MPI enabled data parallel optimizers

Module Contents

class DASO(local_optimizer: torch.optim.Optimizer, total_epochs: int, comm: heat.core.communication.MPICommunication = MPI_WORLD, warmup_epochs: int = 4, cooldown_epochs: int = 4, scheduler: torch.optim.lr_scheduler = None, stability_level: float = 0.05, max_global_skips: int = 8, sending_chunk_size: int = 10000000, downcast_type: torch.dtype = torch.bfloat16, use_mpi_groups: bool = True, skip_reduction_factor: int = 2, local_skip_factor: int = 4, verbose: bool = False)

Optimizer wrapper to use the Distributed Asynchronous and Selective Optimization (DASO) method.

This optimizer uses a local torch optimizer combined with the nn.DataParallelMultiGPU to create local DPNNs on each node consisting of the GPUs on each node. Then those networks communicate globally with MPI groups, each of which has a single GPU on each node.

DASO uses both local and global synchronization operations. Local synchronization operations are intended to be done very frequently while global synchronizations are conducted asynchronously as the next batches are computed.

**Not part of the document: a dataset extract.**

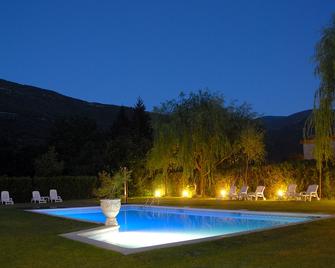 Hotel Florido - Sort - Pool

This implementation requires that all nodes have the name number of GPUs.

There are four phases to training:

  1. initialization: steps 1 to 8 below

  2. Warmup phase: blocking averaging update occurs for global synchronization step

  3. Cycling phase: for the global synchronization, the data is sent after a number of batches. the number of batches between synchronizations is referred to as global_skips. After the data is sent a number of batches pass before it is received (batches_to_wait). both of these cycle downward from max_global_skips for the global skips and 1/4th this value for batches_to_wait. When both values are equal to 1 and the loss is stable it will be reset to the initial values, then will decay again.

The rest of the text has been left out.